* Information given
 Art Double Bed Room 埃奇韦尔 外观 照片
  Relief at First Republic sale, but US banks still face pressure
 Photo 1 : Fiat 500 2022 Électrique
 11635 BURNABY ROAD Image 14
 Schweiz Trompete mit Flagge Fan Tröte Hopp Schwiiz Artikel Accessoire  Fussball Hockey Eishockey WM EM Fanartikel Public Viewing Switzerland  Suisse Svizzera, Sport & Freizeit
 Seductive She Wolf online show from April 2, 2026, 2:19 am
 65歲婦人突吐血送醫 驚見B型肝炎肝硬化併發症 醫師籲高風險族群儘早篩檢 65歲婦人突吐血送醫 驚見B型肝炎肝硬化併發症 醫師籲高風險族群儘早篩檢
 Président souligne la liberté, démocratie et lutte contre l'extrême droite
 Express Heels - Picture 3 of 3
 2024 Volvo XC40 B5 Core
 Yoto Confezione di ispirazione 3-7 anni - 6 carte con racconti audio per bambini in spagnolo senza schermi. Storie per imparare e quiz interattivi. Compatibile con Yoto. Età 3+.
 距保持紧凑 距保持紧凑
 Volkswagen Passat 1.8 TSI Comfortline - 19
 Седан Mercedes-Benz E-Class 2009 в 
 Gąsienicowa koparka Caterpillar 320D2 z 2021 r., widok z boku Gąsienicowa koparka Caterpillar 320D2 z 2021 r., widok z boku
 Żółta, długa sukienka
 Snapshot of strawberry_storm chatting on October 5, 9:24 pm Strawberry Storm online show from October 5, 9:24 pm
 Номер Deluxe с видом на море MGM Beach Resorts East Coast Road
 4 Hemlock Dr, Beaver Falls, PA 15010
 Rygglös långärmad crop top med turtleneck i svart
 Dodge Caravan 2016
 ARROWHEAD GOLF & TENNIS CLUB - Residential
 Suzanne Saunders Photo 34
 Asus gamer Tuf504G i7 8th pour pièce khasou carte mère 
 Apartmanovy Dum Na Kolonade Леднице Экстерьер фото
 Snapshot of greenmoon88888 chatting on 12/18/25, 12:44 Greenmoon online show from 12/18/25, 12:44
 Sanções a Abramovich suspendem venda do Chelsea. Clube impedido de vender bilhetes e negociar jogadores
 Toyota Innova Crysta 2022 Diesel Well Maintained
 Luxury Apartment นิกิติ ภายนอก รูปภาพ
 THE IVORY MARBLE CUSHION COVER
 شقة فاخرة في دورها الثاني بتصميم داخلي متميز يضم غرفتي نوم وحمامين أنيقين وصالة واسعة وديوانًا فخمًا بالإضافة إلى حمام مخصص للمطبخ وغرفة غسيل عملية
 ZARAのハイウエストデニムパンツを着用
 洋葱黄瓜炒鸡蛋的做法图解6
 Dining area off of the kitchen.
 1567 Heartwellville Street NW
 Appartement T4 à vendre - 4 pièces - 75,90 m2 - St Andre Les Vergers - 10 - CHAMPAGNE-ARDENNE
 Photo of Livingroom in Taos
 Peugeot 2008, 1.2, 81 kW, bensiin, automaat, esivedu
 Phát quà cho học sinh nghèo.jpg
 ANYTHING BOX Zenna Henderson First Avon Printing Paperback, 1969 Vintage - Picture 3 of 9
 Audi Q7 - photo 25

* What you have to do
Count the lines above that contain "show" and reply with the figure alone.

* Written solution
3